**Provided records**
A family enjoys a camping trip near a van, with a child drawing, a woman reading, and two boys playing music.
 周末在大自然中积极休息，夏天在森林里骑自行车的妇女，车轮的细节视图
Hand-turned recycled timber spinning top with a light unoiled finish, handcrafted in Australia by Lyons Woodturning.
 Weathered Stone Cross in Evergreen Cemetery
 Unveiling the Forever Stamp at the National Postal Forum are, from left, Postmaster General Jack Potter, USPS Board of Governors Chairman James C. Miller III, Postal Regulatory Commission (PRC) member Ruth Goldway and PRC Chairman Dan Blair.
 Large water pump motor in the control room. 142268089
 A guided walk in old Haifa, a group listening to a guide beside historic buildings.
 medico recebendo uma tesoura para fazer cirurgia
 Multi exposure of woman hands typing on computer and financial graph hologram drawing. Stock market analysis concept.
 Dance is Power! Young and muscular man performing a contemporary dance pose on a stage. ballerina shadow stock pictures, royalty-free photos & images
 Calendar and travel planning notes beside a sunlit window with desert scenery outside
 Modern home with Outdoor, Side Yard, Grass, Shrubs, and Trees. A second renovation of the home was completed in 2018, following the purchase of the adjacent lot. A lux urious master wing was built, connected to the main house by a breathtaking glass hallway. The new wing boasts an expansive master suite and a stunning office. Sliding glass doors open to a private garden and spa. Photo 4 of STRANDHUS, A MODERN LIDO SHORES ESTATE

**Work item**
Each line in the listing that contains "drawing" should be returned.

**Your solution**
A family enjoys a camping trip near a van, with a child drawing, a woman reading, and two boys playing music.
 Multi exposure of woman hands typing on computer and financial graph hologram drawing. Stock market analysis concept.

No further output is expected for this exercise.